◆ **The task**:
Take the lines below beginning at the line that has "2022 Volkswagen Tiguan S" and stopping after the line that has "Photo of 60 Wabuda Place", and print them exactly as they are, with no other lines.

Start of Recorded information

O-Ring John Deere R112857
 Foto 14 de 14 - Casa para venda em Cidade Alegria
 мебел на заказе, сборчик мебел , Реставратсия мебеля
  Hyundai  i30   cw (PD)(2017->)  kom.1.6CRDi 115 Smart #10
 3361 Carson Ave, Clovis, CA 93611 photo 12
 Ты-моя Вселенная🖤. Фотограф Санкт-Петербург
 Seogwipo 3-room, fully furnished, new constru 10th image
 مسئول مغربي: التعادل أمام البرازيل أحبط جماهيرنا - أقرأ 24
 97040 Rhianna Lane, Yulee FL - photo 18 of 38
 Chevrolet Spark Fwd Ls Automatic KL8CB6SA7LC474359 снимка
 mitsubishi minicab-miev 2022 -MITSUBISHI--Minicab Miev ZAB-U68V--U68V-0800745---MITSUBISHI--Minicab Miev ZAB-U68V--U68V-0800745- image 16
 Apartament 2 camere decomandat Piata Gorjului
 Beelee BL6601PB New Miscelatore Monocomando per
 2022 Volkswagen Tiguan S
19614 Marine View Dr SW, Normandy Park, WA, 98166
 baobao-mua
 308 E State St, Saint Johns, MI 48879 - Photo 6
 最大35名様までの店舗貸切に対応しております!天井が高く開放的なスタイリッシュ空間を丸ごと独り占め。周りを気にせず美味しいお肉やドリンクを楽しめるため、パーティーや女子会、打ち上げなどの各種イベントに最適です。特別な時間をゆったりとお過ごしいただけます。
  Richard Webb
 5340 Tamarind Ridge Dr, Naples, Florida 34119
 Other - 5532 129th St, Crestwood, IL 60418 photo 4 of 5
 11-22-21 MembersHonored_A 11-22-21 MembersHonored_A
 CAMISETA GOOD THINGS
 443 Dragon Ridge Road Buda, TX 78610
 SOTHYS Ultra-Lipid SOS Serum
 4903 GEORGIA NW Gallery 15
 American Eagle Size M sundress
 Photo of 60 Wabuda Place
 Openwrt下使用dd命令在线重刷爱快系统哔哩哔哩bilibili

End of Recorded information

◆ **Output of the exercise**:
 2022 Volkswagen Tiguan S
19614 Marine View Dr SW, Normandy Park, WA, 98166
 baobao-mua
 308 E State St, Saint Johns, MI 48879 - Photo 6
 最大35名様までの店舗貸切に対応しております!天井が高く開放的なスタイリッシュ空間を丸ごと独り占め。周りを気にせず美味しいお肉やドリンクを楽しめるため、パーティーや女子会、打ち上げなどの各種イベントに最適です。特別な時間をゆったりとお過ごしいただけます。
  Richard Webb
 5340 Tamarind Ridge Dr, Naples, Florida 34119
 Other - 5532 129th St, Crestwood, IL 60418 photo 4 of 5
 11-22-21 MembersHonored_A 11-22-21 MembersHonored_A
 CAMISETA GOOD THINGS
 443 Dragon Ridge Road Buda, TX 78610
 SOTHYS Ultra-Lipid SOS Serum
 4903 GEORGIA NW Gallery 15
 American Eagle Size M sundress
 Photo of 60 Wabuda Place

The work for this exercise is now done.